Представляют особый интерес случаи, когда за ритмической монотонней как бы тенью стоят естественные фразовые интонации с их основными коммуникативными типами: повествование, вопрос, восклицание, побуждение, импликация. Их семантика тоже тем же способом — при уподоблении — оживляется, что создает неожиданный, яркий художественный эффект.
Ах нет, не здесь, не этот край безлюдный
Был для души моей родимым краем...
Выражение “ах нет, не здесь” обычно произносится с интонацией если не испуга, то категорического отрицания, возможно с оттенком просьбы, мольбы (категоричность и мольба, заметим, могут сочетаться в интонации, тогда как в слове эти значения необъединимы). В результате столкновения ритмической монотонии с мнемонической фразовой интонацией поспешного отрицания при известной доле раздражения (ах нет, не здесь!) возникает их гибрид: как будто автор опровергает чье-то неверное представление — с тоской и настойчивостью.

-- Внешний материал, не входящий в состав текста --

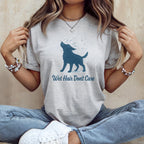 Wet Hair Don't Care Unisex Dog Graphic T-Shirt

Подобно “колеблющимся” признакам значения в стиховой строке появляются интонационные коннотации, на фоне монотонии создающие особый художественный эффект. Например, стих Мандельштама “Одному не надо пить” (“Мне Тифлис горбатый снится...”), в котором схемное ударение на первом слоге, несмотря на пиррихий, подспудно ощущается, — вызывает в памяти известную укоризненную интонацию, сопровождаемую соответствующим жестом: покачиванием головы или “угрозой” указательного пальца. Если не почувствовать таким образом хореическое звучание, фраза интонационно превратится в предупреждение плакатно-лозунгового характера.